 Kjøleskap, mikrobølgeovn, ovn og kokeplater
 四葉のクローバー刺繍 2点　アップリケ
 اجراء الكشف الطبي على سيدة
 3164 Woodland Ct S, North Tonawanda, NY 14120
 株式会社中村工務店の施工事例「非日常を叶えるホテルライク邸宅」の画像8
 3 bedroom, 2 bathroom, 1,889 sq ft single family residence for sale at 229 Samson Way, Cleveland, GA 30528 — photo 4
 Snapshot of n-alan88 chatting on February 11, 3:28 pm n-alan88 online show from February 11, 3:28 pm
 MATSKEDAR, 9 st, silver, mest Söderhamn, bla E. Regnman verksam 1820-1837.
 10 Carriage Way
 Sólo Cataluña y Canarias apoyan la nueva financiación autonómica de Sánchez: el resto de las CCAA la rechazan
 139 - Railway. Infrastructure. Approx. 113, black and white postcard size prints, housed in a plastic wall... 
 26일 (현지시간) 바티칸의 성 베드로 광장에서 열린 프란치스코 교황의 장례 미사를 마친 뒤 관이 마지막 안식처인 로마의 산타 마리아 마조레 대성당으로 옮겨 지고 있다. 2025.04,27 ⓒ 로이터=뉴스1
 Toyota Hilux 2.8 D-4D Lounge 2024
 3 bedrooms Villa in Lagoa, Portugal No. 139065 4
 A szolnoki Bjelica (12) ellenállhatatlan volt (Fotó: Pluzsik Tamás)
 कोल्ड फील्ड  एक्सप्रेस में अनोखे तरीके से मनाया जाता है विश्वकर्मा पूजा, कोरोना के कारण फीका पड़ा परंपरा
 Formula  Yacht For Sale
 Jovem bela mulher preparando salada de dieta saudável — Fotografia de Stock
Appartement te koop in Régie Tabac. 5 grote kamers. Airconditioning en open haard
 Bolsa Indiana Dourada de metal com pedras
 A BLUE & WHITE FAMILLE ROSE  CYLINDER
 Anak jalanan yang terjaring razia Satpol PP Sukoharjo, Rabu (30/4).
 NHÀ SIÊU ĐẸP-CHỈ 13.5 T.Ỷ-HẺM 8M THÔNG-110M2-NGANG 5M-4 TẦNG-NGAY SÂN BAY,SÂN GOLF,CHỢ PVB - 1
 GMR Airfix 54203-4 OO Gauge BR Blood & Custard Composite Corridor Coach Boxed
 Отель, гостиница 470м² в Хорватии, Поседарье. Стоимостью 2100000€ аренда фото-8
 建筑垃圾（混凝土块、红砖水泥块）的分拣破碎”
* * *
▶ **About this task**: Copy, please, exactly the lines that start at the first line of the data and end at the line containing "3 bedroom, 2", both kept and no others.

▶ **Worked solution**:
 Kjøleskap, mikrobølgeovn, ovn og kokeplater
 四葉のクローバー刺繍 2点　アップリケ
 اجراء الكشف الطبي على سيدة
 3164 Woodland Ct S, North Tonawanda, NY 14120
 株式会社中村工務店の施工事例「非日常を叶えるホテルライク邸宅」の画像8
 3 bedroom, 2 bathroom, 1,889 sq ft single family residence for sale at 229 Samson Way, Cleveland, GA 30528 — photo 4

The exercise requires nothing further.